C’è una cosa che chi frequenta il Florence Korea Film Fest impara presto, quasi senza accorgersene. Non si tratta solo di vedere film. Si tratta di attraversare mondi. Di passare da una sala all’altra del Cinema La Compagnia con la testa piena di immagini che non si assomigliano, ma dialogano tra loro. Il grande successo commerciale che ti travolge e, subito dopo, l’opera piccola, personale, magari scomoda, che ti costringe a rallentare. E poi i corti, i linguaggi nuovi, i fumetti digitali che diventano cinema senza chiedere permesso.

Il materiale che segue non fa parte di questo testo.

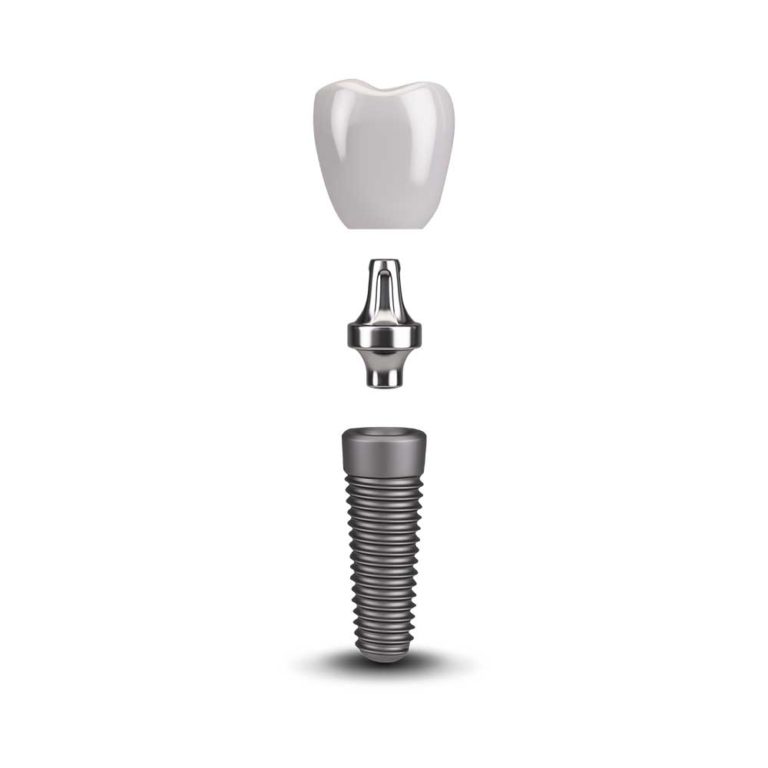 Dental implant model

Negli anni il pubblico è cresciuto, si è allargato, ha imparato a fidarsi. Non è solo questione di ospiti prestigiosi, di premi importanti passati da questo palco prima di diventare leggenda. È il modo in cui il festival ti prende per mano e ti accompagna dentro una cultura più ampia, fatta di incontri, mostre, laboratori, conversazioni che continuano fuori dalla sala, magari davanti a un caffè, discutendo se quel finale fosse davvero un finale oppure no.
E adesso l’attesa ricomincia. Le date sono lì, dal 19 al 28 marzo, segnate mentalmente come un conto alla rovescia che non ha bisogno di trailer. Nei prossimi giorni arriveranno i nomi, i volti, le presenze che daranno carne a quell’astronauta fiorito. Ma forse il bello sta proprio qui, in questo momento sospeso. Quando l’immaginazione corre avanti, quando ognuno inizia a fantasticare sul film che non sapeva di voler vedere, sull’ospite che sogna di incontrare.
Alla fine resta una sensazione familiare, quasi rassicurante: Firenze pronta ad accogliere di nuovo storie che arrivano da lontano e parlano sorprendentemente vicino. E la curiosità, quella vera, che non chiede risposte immediate. Quale fiore, questa volta, rimarrà incastrato nella memoria anche dopo che le luci in sala si saranno riaccese?